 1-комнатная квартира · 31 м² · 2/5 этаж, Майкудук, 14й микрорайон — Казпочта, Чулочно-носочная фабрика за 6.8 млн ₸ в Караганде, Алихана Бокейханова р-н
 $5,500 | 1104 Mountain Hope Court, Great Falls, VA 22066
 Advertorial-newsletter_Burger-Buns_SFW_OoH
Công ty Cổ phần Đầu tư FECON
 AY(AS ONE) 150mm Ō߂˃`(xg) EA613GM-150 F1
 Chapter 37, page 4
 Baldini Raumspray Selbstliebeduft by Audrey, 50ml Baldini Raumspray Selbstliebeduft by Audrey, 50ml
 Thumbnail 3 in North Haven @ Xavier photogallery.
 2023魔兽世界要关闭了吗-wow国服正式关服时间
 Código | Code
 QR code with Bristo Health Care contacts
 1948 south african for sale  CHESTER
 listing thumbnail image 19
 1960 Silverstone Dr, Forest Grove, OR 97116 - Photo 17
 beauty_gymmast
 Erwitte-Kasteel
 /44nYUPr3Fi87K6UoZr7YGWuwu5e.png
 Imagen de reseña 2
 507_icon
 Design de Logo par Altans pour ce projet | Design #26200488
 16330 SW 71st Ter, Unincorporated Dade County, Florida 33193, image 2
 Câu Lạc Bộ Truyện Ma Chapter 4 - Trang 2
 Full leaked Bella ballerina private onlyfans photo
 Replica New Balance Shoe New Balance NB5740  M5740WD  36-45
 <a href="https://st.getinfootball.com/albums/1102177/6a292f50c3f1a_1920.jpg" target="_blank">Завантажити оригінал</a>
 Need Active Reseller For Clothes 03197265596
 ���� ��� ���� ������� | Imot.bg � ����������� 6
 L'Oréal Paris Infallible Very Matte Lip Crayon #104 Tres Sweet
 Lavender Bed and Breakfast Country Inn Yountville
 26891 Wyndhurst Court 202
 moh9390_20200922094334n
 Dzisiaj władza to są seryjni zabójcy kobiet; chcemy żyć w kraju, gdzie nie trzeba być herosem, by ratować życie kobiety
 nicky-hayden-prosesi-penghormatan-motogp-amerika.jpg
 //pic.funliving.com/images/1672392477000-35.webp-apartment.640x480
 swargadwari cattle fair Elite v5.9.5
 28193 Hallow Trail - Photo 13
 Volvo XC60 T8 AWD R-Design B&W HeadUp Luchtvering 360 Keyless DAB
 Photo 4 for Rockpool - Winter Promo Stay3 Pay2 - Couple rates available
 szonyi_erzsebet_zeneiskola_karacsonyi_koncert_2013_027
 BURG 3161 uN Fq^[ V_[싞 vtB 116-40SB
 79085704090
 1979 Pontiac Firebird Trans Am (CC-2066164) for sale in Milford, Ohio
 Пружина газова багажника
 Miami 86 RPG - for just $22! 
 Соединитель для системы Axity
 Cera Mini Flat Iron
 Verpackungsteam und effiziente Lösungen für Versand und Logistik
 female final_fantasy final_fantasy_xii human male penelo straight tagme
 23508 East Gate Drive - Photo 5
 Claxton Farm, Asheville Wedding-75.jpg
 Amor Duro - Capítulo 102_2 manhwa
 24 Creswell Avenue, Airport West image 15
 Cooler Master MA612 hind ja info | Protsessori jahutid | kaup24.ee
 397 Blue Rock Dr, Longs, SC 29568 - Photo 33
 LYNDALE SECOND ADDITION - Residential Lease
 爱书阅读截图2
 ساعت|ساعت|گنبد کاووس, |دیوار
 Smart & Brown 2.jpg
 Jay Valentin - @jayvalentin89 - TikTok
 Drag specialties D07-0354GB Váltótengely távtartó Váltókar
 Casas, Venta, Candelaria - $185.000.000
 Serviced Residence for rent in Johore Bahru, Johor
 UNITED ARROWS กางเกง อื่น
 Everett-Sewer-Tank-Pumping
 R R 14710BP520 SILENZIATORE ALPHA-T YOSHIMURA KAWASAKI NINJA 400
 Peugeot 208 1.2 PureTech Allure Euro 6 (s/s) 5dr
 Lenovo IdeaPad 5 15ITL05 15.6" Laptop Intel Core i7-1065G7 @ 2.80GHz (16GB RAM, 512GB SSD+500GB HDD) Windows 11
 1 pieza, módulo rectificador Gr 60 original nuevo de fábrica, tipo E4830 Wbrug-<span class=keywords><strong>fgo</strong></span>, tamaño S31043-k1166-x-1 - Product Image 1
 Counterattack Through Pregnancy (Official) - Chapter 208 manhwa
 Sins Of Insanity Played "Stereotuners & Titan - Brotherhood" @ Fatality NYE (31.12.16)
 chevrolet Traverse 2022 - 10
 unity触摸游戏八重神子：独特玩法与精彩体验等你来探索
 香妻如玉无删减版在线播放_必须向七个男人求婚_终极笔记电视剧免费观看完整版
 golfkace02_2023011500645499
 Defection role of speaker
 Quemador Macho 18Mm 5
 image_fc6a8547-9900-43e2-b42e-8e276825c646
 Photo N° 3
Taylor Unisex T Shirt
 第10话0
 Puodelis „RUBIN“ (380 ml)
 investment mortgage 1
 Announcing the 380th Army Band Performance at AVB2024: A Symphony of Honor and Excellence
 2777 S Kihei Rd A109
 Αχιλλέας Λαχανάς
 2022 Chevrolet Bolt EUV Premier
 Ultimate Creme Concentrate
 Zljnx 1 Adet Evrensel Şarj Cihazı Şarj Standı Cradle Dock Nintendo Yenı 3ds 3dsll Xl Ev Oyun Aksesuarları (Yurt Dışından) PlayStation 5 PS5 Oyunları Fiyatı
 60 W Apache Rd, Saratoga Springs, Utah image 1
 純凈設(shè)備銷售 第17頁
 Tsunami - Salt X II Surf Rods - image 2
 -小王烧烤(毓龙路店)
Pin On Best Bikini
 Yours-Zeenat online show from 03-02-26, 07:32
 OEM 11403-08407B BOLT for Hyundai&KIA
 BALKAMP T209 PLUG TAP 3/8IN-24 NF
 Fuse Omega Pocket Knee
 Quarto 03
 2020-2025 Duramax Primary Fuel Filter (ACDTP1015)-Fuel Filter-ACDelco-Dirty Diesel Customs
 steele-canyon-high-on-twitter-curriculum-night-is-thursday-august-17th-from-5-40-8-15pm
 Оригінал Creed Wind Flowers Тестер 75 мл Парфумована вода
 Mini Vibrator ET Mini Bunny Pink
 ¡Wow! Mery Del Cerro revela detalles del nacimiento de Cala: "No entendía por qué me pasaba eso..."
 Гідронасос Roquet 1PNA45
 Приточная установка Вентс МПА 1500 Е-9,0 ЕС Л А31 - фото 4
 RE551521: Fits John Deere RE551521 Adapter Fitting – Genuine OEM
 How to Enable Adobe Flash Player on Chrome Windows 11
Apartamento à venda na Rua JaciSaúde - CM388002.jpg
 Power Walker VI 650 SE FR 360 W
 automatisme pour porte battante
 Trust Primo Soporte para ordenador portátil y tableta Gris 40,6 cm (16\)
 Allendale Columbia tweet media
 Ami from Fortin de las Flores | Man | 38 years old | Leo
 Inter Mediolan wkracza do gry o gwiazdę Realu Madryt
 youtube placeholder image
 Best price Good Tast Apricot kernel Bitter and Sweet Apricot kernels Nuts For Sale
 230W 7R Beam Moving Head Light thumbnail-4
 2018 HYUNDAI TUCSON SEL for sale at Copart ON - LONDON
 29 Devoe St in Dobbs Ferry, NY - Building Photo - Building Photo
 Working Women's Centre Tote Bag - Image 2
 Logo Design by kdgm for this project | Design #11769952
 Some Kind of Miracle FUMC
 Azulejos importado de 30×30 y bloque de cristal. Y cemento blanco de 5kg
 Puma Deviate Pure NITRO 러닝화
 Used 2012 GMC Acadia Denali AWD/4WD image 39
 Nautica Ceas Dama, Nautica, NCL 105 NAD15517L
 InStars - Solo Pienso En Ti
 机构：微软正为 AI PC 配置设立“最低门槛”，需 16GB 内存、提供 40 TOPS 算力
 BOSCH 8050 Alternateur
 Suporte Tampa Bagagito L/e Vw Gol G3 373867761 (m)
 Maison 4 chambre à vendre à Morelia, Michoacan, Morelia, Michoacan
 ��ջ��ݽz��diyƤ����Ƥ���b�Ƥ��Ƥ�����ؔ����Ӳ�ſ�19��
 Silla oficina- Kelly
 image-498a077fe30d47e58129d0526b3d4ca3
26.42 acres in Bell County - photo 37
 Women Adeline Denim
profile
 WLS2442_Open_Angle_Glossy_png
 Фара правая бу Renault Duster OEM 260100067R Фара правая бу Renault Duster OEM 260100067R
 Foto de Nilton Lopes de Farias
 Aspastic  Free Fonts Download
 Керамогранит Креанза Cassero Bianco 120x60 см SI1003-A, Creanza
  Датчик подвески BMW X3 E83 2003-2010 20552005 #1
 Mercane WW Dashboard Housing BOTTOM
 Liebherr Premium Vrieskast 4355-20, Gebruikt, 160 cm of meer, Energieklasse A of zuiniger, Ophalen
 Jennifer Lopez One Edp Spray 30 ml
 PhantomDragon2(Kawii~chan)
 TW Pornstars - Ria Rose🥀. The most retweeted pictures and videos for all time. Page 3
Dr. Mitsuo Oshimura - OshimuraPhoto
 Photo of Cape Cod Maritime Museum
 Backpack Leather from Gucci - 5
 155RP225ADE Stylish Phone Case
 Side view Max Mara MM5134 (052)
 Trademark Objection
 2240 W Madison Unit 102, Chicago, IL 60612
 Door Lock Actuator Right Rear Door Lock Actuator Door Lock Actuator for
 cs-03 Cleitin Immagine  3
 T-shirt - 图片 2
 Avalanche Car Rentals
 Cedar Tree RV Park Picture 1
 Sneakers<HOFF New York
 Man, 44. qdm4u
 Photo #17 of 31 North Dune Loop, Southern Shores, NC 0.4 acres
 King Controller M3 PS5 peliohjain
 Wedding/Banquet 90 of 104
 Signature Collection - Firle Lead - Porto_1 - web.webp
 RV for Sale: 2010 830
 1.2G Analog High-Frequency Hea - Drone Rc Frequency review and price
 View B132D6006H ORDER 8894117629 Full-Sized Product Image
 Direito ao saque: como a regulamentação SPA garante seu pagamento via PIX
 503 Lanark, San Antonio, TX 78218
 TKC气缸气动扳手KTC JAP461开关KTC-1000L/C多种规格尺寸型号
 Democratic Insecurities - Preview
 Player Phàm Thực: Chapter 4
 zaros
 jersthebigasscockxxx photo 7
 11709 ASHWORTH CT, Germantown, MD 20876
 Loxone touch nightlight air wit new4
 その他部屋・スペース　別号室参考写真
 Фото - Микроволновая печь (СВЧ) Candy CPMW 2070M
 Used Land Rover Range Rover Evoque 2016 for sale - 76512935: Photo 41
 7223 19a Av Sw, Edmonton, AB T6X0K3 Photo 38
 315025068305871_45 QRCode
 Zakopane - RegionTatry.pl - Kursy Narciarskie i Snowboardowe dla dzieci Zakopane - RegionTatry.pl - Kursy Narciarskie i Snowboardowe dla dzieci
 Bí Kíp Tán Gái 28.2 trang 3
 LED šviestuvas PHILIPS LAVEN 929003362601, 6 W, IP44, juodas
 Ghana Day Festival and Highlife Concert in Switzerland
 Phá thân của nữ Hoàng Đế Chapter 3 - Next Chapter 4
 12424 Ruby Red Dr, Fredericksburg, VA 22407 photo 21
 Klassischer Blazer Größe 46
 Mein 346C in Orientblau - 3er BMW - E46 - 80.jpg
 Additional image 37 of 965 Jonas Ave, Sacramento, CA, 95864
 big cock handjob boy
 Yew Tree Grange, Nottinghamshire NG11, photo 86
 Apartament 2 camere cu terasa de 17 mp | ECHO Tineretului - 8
##############################
_Work to complete:_ Beginning with the line that has "Serviced Residence for" and ending with the line that has "RE551521: Fits John", set down the lines above exactly and include no others.

_Output below:_
 Serviced Residence for rent in Johore Bahru, Johor
 UNITED ARROWS กางเกง อื่น
 Everett-Sewer-Tank-Pumping
 R R 14710BP520 SILENZIATORE ALPHA-T YOSHIMURA KAWASAKI NINJA 400
 Peugeot 208 1.2 PureTech Allure Euro 6 (s/s) 5dr
 Lenovo IdeaPad 5 15ITL05 15.6" Laptop Intel Core i7-1065G7 @ 2.80GHz (16GB RAM, 512GB SSD+500GB HDD) Windows 11
 1 pieza, módulo rectificador Gr 60 original nuevo de fábrica, tipo E4830 Wbrug-<span class=keywords><strong>fgo</strong></span>, tamaño S31043-k1166-x-1 - Product Image 1
 Counterattack Through Pregnancy (Official) - Chapter 208 manhwa
 Sins Of Insanity Played "Stereotuners & Titan - Brotherhood" @ Fatality NYE (31.12.16)
 chevrolet Traverse 2022 - 10
 unity触摸游戏八重神子：独特玩法与精彩体验等你来探索
 香妻如玉无删减版在线播放_必须向七个男人求婚_终极笔记电视剧免费观看完整版
 golfkace02_2023011500645499
 Defection role of speaker
 Quemador Macho 18Mm 5
 image_fc6a8547-9900-43e2-b42e-8e276825c646
 Photo N° 3
Taylor Unisex T Shirt
 第10话0
 Puodelis „RUBIN“ (380 ml)
 investment mortgage 1
 Announcing the 380th Army Band Performance at AVB2024: A Symphony of Honor and Excellence
 2777 S Kihei Rd A109
 Αχιλλέας Λαχανάς
 2022 Chevrolet Bolt EUV Premier
 Ultimate Creme Concentrate
 Zljnx 1 Adet Evrensel Şarj Cihazı Şarj Standı Cradle Dock Nintendo Yenı 3ds 3dsll Xl Ev Oyun Aksesuarları (Yurt Dışından) PlayStation 5 PS5 Oyunları Fiyatı
 60 W Apache Rd, Saratoga Springs, Utah image 1
 純凈設(shè)備銷售 第17頁
 Tsunami - Salt X II Surf Rods - image 2
 -小王烧烤(毓龙路店)
Pin On Best Bikini
 Yours-Zeenat online show from 03-02-26, 07:32
 OEM 11403-08407B BOLT for Hyundai&KIA
 BALKAMP T209 PLUG TAP 3/8IN-24 NF
 Fuse Omega Pocket Knee
 Quarto 03
 2020-2025 Duramax Primary Fuel Filter (ACDTP1015)-Fuel Filter-ACDelco-Dirty Diesel Customs
 steele-canyon-high-on-twitter-curriculum-night-is-thursday-august-17th-from-5-40-8-15pm
 Оригінал Creed Wind Flowers Тестер 75 мл Парфумована вода
 Mini Vibrator ET Mini Bunny Pink
 ¡Wow! Mery Del Cerro revela detalles del nacimiento de Cala: "No entendía por qué me pasaba eso..."
 Гідронасос Roquet 1PNA45
 Приточная установка Вентс МПА 1500 Е-9,0 ЕС Л А31 - фото 4
 RE551521: Fits John Deere RE551521 Adapter Fitting – Genuine OEM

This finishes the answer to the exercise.